How exactly is this a surprise to anyone when the same applied to crypto and NFTs already? AI and blockchain technologies are useful to experts in tiny niches so far but that’s not the usual tech savvy user. For the end user it’s just a toy with little use cases.
i think we give silicon valley too much linguistic power. there should really be more pushback on them rebranding LLMs as AI. it’s just a bunch of marketing nonsense that we’re letting them get away with.
(i know that LLMs are studied in the field of computer science that’s known as artificial intelligence, but i really don’t think that subtlety is properly communicated to the general public.)
I actually think in this case it's the opposite-- your expectations of the term "AI" aren't accurate to the actual research and industry usage. Now, if we want to talk about what people have been trying to pass off as "AGI"...
i think that’s fair point. language does work both ways, and i am certainly not in the majority with this opinion. but what bothers me is that it feels like they’re changing the definition of the word and piggybacking off of its old meaning. i know this kind of thing isn’t all that uncommon, but it still rubs me the wrong way.
there should really be more pushback on them rebranding LLMs as AI.
That's because the target of the language is the know-nothing speculative investor class.
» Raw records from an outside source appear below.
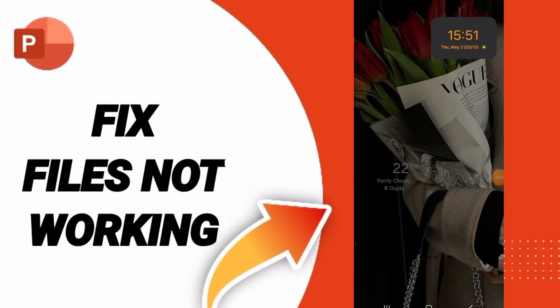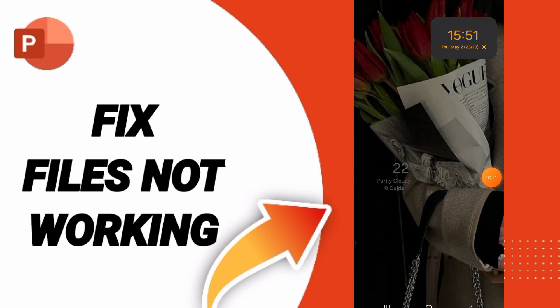Hello guys, today we will talk about how to fix or how to solve the problem of files not working on PowerPoint.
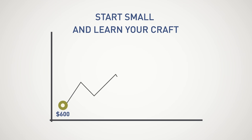Start small and learn your craft. If you love what you do and are willing to put in the work, the money will follow.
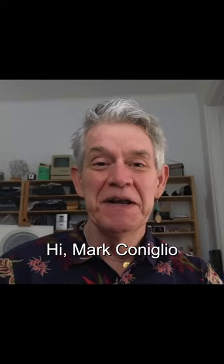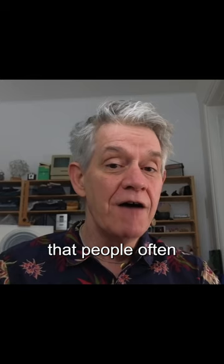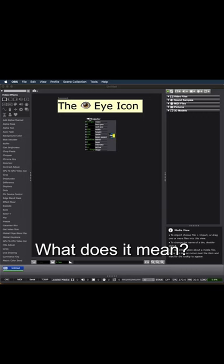Hi, Mark Coniglio, creator of Isidore here. You know, one of the features that people often overlook is the eye icon that appears at the top of some actors. What does it mean? Well, to find out, you can just double click it.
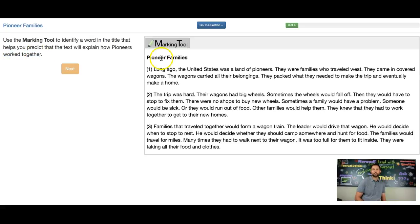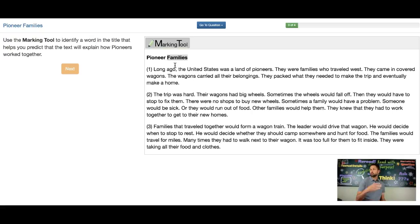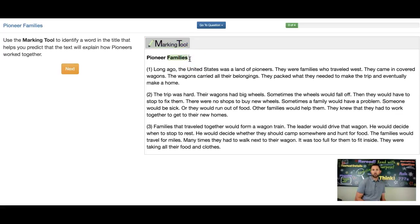Luckily, this title only has two words: pioneer and families. When we think about families, we think about a group of people, a unit of human beings working together. We think about them and their troubles, helping each other, rooting for each other, encouraging each other. So the word that lets me know that pioneers work together is the word families. I'm going to use my marking tool, lock it in, and that is the answer.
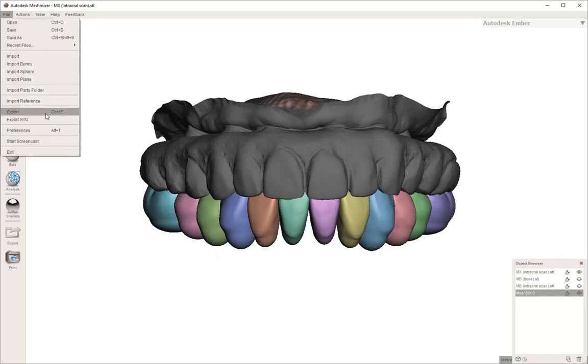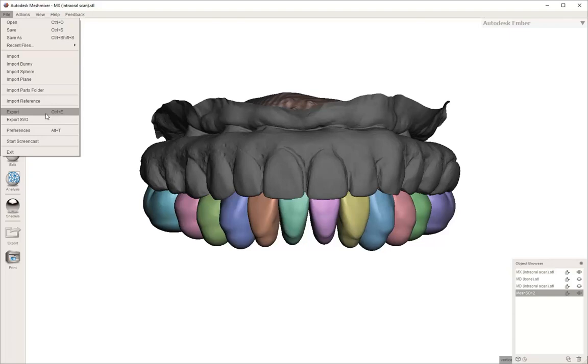Once you get them where you want them to be, essentially now where we're at is we know where we're planning the teeth to be in the final prosthesis or in this interim prosthesis. So we're going to export those teeth as one single STL file.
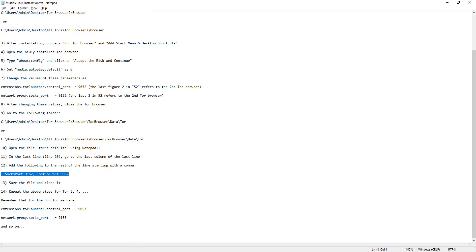Repeat the above steps for Tor number 3, 4, and so on. Remember that for Tor number 3 you need to use port numbers 9053 and 9153, and for Tor number 4 it's 9054 and 9154, and so on. You can install as many Tors as you wish and they will all have independent IP addresses.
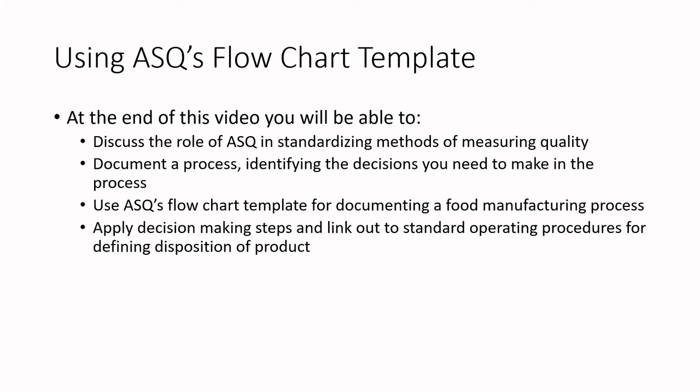So at the end of this video, you will be able to discuss the roles of ASQ and standardizing methods of measuring quality. We're going to document a process identifying the decisions you might need to make in that process. We'll use ASQ's flowchart template for documenting a food manufacturing process. We're going to keep it simple, and we're going to make Deming's burnt toast. And last but not least, we're going to apply decision-making steps and link out to standard operating procedures for defining the disposition of a product.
The distinction doesn't matter to us because we're not being sold a service, we're being packaged as a product.
The increasingly-impossible-to-opt-out-of nature of LLMs/AIs illustrates as much. We're getting force-fed a "free" service that's fundamentally worse than what came before it, because its an extractive service.
What form of AI are we talking about? Because most of them exposed to the people are glorified toys with shady business models. While tools like AlphaFold are pretty useful.
I suspect it's truly more of a dunning-Kruger situation. When you know nothing You're down to use it for everything. When you start to understand the problems, limits and the morality of it, you start to back off some. And as you approach the ability to host it yourself and do actual work with it, you fully welcome the useful bits in your workflow.
Yea, if you are a pro in something it most of the time only tells you what you already know (I sometimes use it as a sort of sanity check, by writing prompts that I think I know the output that comes)
That tracks for sure. The most enthusiastic guys at work also happen to be the ones who put in the least actual work. Sure, it has some uses… but the things it gets wrong are significant enough that no sane individual should rely on anything that AI is involved with making/running. The intelligence part just isn’t there yet. People are effectively getting wowed by a glorified ELIZA chat bot.
the things it gets wrong are significant enough that no sane individual should rely on anything that AI is involved with making/running
The fundamental use-cases for AI are almost never customer oriented, either. You don't see these tools deployed to reduce wait times or improve authentication or approve access, because the people who deploy them don't actually trust them to do positive scope client interactions. What you see them doing is robo-calls, front-line customer service, claims denials, and (in the bleakest use cases) military targeting operations. Instances where efficiencies of scale accrue to the operator and an error/problems rebounds to the target of the service rather than the vendor.
People are effectively getting wowed by a glorified ELIZA chat bot.
An ELIZA chatbot that double-processes your credit card and then keeps denying you a refund when you manually catch and report it.